"
PC owners are the new Amiga owners" was the name and
gist of an article
Stuart Campbell wrote a couple of years ago for the
teletext gaming 'magazine',
Digitizer. (You can read it on his website, www.worldofstuart.com.)
In this article (written by a journalist who had no great love for the PC as a games platform, beyond its ability to run emulators) Campbell put forward that the PC games market was showing all the signs of the Amiga games market just before that machine was consigned to the dustbin. Until recently, I would have vehemently objected to this analysis, but it recent months I'm not so sure.
While the majority of Campbell's points were the stupid and facile bleetings we've all heard before (moaning about the PC's lack of stability 1, the cost of upgrading2, and complaining that the average punter couldn't understand a keyboard and mouse control configuration3), one point he made is starting to become more pronounced: The PC games market is retreating into narrow, special-interest genres to ensure there is an audience for their product.
Open a recent PC games mag and you'll see this happening before your eyes.
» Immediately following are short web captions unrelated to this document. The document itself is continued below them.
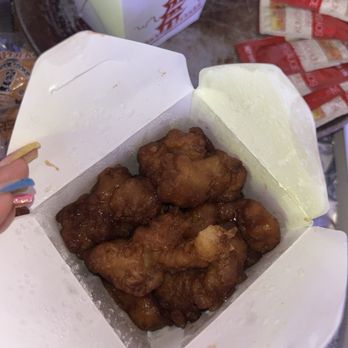 Dragon House - Orange Chicken - Chinese Near Me - Moreno Valley, California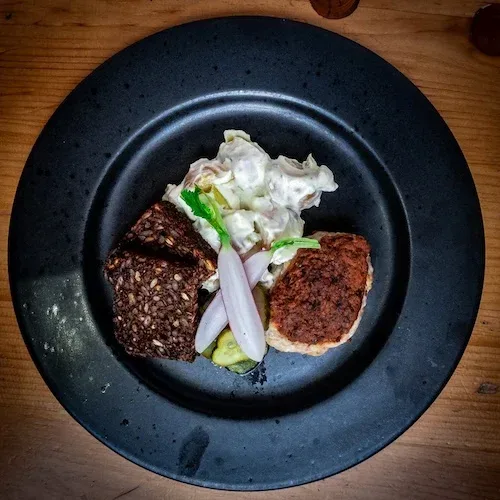 Børnetallerken med frikadelle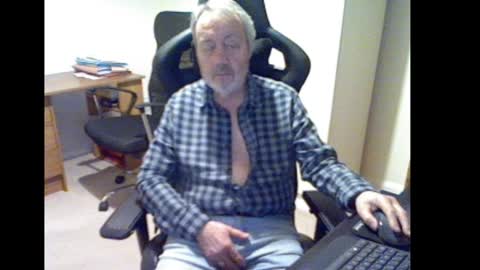erasmus_d online show from January 4, 2025, 5:58 pm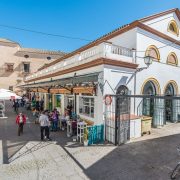 El mercado de la calle Feria de Sevilla se encuentra situado hacia la mitad de esta popular y emblemática calle, justo al lado de la histórica iglesia de Omnium Sanctorum.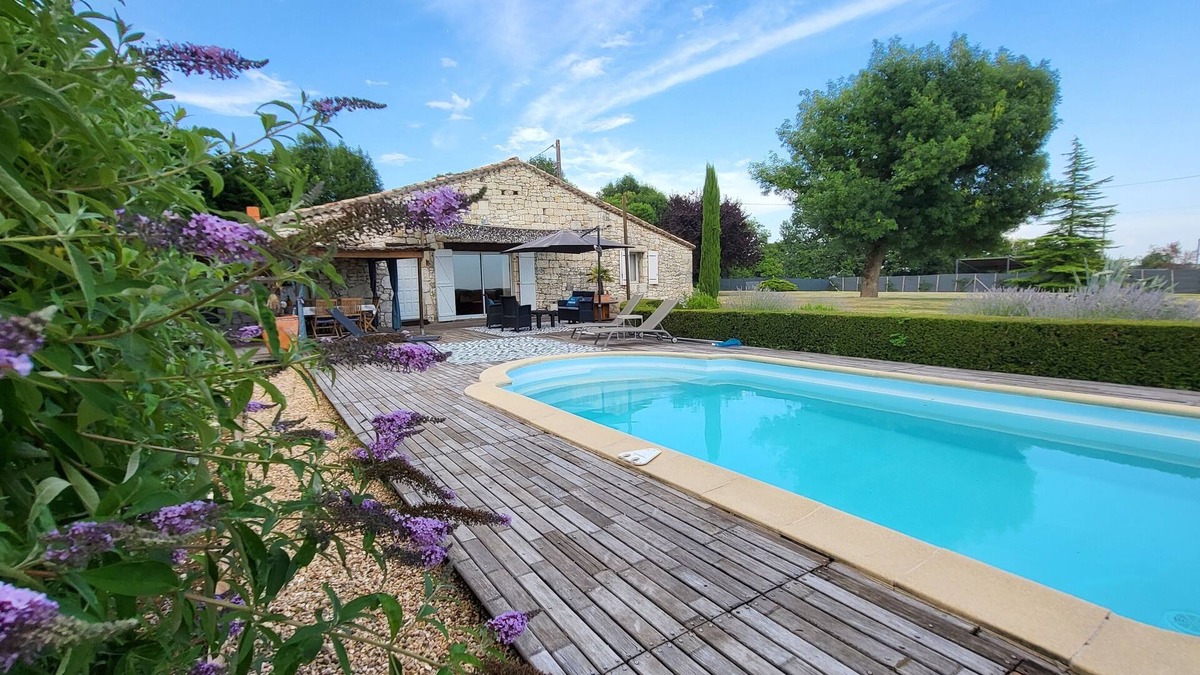 Montaigu-de-Quercy House | Typical Quercy single storey house, with heated pool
You will quickly loose count of the clones of Age of Empires, EverQuest (always in indefinite beta) and Counter-Strike (although the tactical shooter in the main is making some hard-won progress with titles such as Operation Flashpoint).
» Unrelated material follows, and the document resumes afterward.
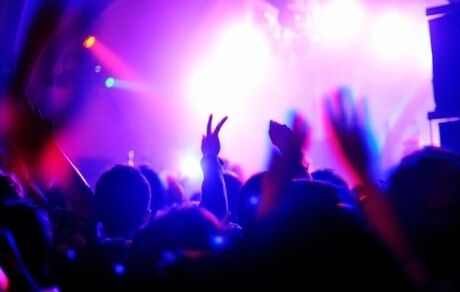 پارتی شبانه ستاره‌های مدعی قهرمانی لو رفت / چند بازیکن بازداشت شدند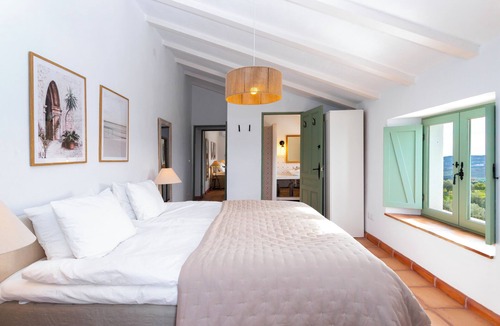 Periana House | Luxury Cortijo with unique location within walking distance to restaurants and shops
There are a scant number of games that people are looking forward to, and of these, they are all in tried and tested genres and do not rock the boat graphically. And the football management games... why? I don't take such a dim view as Campbell of Championship Manager, but the countless imitators must know that they haven't a chance of beating such a class game?
I know that I'm not going to touch any of these games with a forty foot pole, and with the public shunning such worthy titles as Max Payne and Deus Ex (both got to number one but hardly sold in significant numbers at least over here), what chance does the PC games industry have of remaining viable in the face of not one but three powerful consoles? The key answer to this is two-fold: time, and a unique selling point (or 'niche').
Over time the PC will outperform all the consoles, just as has happened in the past. This will enable ports in either direction, shoring up sales (and giving publishers some security) and widening the subject matter available on the PC (sure, DOA34 might look nice on the xbox, but it would be even nicer with proper networking, a greater level of modability and at a higher resolution).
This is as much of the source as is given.